* Task item *
Reproduce exactly, and only, the lines running from the start of the entries below to the line containing "Frosch Frösche Geschenk".

* Dataset *
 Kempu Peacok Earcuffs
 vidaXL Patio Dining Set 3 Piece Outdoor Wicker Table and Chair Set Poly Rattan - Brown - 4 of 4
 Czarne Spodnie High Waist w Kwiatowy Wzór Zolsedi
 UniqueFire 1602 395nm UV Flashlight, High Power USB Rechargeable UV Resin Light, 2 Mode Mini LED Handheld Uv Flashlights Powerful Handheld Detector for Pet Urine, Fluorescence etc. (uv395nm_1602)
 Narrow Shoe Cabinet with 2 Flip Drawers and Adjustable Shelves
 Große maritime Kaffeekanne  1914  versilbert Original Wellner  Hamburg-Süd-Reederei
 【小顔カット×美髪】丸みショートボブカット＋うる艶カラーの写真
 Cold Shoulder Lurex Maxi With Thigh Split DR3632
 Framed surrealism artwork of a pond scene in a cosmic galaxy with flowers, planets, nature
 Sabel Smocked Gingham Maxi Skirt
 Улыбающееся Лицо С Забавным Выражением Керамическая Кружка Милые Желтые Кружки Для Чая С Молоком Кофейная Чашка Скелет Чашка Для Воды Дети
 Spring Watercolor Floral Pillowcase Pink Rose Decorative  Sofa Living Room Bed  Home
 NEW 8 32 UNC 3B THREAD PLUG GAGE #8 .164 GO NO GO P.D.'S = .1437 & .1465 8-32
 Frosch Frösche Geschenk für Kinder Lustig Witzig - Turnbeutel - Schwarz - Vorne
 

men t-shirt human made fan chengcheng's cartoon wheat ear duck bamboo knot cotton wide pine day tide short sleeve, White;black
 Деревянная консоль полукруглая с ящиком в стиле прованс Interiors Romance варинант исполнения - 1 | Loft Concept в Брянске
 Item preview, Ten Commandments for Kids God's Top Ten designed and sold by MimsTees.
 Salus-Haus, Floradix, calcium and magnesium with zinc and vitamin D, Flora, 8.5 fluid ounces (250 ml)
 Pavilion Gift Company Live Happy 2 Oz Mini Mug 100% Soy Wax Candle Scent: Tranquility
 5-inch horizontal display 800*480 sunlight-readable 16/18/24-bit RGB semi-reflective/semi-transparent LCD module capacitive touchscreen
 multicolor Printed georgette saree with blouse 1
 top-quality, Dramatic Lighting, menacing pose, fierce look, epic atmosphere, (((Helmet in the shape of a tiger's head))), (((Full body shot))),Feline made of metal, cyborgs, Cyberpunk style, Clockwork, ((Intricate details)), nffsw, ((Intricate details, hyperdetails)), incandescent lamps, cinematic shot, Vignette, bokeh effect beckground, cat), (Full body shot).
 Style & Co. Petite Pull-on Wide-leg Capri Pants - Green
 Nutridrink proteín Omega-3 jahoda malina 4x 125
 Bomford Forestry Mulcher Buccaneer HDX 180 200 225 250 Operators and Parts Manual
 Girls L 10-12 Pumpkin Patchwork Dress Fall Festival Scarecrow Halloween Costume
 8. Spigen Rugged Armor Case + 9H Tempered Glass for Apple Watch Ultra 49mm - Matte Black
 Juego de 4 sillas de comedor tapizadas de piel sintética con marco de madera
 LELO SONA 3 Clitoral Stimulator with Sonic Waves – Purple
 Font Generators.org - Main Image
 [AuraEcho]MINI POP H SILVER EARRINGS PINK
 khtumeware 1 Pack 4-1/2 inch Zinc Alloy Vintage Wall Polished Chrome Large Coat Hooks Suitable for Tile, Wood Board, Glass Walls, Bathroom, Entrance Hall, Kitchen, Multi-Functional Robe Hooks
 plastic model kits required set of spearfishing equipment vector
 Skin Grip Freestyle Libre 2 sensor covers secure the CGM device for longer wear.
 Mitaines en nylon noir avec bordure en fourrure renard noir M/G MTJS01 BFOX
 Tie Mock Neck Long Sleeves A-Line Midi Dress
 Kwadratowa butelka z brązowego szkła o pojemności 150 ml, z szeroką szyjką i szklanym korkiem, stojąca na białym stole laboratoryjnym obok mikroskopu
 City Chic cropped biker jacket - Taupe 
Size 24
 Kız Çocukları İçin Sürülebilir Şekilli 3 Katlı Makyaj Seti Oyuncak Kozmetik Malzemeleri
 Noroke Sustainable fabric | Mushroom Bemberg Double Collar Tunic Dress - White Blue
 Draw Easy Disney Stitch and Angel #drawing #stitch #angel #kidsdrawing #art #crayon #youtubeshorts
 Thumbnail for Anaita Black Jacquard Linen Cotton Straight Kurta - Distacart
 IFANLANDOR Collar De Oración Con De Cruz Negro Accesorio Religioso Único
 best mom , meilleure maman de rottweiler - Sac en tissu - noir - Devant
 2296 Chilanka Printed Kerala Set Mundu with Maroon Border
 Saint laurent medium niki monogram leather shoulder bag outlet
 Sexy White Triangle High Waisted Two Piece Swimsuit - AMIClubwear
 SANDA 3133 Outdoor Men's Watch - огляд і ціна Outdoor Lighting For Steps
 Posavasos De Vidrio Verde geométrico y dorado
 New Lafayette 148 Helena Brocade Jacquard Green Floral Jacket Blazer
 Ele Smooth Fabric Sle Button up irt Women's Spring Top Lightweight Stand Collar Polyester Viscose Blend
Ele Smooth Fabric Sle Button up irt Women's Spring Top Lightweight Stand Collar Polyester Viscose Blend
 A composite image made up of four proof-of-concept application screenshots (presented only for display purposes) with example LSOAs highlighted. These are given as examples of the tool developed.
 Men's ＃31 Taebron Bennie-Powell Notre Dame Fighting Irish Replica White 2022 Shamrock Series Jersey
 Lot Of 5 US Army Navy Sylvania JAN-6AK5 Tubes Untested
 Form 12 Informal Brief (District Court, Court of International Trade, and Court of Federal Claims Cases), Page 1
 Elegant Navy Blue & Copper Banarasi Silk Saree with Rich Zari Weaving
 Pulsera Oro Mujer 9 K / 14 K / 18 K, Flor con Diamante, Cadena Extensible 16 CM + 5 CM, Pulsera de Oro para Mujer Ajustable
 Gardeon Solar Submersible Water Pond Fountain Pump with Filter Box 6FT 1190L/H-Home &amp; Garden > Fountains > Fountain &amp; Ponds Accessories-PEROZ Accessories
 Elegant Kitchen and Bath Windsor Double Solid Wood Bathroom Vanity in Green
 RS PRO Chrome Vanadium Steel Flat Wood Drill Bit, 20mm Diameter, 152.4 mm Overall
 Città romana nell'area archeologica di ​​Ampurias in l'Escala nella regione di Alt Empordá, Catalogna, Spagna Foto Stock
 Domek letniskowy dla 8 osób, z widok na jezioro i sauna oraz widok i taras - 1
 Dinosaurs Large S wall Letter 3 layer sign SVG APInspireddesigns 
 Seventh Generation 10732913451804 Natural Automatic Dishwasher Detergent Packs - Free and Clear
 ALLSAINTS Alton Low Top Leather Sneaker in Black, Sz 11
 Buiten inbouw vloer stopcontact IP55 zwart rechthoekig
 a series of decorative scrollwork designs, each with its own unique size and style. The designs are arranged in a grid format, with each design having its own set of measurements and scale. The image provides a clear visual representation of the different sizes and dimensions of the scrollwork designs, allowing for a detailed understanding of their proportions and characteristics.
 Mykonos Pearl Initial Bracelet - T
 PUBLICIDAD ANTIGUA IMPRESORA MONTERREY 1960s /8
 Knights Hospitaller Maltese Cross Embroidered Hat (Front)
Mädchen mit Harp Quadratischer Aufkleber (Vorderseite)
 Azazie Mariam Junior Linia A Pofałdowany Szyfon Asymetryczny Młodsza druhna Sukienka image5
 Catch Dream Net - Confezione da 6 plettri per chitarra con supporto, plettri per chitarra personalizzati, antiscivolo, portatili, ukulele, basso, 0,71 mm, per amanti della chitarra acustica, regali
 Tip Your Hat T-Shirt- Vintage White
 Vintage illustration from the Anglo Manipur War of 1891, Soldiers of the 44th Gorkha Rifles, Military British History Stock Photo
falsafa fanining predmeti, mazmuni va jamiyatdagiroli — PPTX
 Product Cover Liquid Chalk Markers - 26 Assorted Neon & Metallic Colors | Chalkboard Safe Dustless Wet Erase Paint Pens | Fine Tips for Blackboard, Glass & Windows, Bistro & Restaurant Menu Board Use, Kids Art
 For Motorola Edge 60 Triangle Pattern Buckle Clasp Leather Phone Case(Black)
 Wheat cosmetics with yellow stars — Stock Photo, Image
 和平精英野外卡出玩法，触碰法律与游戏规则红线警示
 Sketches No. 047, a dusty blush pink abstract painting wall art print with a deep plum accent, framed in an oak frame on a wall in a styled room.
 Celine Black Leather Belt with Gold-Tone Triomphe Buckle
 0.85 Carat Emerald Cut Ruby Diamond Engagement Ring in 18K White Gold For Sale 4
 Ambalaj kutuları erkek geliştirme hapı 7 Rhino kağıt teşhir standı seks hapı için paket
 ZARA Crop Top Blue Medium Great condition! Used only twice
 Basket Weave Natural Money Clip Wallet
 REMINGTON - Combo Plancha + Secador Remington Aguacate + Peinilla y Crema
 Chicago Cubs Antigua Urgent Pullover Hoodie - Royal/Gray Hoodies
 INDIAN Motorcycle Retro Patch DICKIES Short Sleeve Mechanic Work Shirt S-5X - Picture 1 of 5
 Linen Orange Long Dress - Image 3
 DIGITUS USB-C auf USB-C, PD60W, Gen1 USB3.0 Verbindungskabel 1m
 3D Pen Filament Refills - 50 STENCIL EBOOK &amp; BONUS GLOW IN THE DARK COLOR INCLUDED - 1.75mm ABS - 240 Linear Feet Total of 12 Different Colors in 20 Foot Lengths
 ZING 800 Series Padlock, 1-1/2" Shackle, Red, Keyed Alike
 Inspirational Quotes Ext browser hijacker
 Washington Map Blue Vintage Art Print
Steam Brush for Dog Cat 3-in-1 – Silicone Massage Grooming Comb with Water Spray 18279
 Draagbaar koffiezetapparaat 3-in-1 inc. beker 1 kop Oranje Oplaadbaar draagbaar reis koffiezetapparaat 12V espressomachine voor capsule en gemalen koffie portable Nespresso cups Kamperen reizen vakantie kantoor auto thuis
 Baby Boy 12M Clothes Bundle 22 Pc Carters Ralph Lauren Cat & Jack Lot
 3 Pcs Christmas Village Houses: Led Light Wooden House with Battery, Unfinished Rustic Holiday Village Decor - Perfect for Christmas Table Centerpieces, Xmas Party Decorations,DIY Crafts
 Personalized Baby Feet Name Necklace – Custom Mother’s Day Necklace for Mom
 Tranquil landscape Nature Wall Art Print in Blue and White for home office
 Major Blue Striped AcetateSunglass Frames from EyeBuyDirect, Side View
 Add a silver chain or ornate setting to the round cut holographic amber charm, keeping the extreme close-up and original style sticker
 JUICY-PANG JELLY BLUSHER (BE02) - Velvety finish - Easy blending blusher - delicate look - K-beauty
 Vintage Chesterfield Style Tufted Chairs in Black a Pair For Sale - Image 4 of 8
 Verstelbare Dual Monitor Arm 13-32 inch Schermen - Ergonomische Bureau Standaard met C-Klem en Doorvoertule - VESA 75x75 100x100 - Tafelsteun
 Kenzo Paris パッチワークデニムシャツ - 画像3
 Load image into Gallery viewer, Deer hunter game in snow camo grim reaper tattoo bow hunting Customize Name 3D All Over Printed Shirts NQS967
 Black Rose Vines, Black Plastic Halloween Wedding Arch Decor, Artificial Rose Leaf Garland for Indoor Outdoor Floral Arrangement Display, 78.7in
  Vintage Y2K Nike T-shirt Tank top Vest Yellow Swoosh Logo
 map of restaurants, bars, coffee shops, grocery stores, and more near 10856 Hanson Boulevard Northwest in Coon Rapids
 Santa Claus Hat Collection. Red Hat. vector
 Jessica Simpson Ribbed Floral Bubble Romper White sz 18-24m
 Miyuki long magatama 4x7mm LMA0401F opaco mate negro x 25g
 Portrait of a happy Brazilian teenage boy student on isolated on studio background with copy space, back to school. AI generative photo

* Expected answer *
 Kempu Peacok Earcuffs
 vidaXL Patio Dining Set 3 Piece Outdoor Wicker Table and Chair Set Poly Rattan - Brown - 4 of 4
 Czarne Spodnie High Waist w Kwiatowy Wzór Zolsedi
 UniqueFire 1602 395nm UV Flashlight, High Power USB Rechargeable UV Resin Light, 2 Mode Mini LED Handheld Uv Flashlights Powerful Handheld Detector for Pet Urine, Fluorescence etc. (uv395nm_1602)
 Narrow Shoe Cabinet with 2 Flip Drawers and Adjustable Shelves
 Große maritime Kaffeekanne  1914  versilbert Original Wellner  Hamburg-Süd-Reederei
 【小顔カット×美髪】丸みショートボブカット＋うる艶カラーの写真
 Cold Shoulder Lurex Maxi With Thigh Split DR3632
 Framed surrealism artwork of a pond scene in a cosmic galaxy with flowers, planets, nature
 Sabel Smocked Gingham Maxi Skirt
 Улыбающееся Лицо С Забавным Выражением Керамическая Кружка Милые Желтые Кружки Для Чая С Молоком Кофейная Чашка Скелет Чашка Для Воды Дети
 Spring Watercolor Floral Pillowcase Pink Rose Decorative  Sofa Living Room Bed  Home
 NEW 8 32 UNC 3B THREAD PLUG GAGE #8 .164 GO NO GO P.D.'S = .1437 & .1465 8-32
 Frosch Frösche Geschenk für Kinder Lustig Witzig - Turnbeutel - Schwarz - Vorne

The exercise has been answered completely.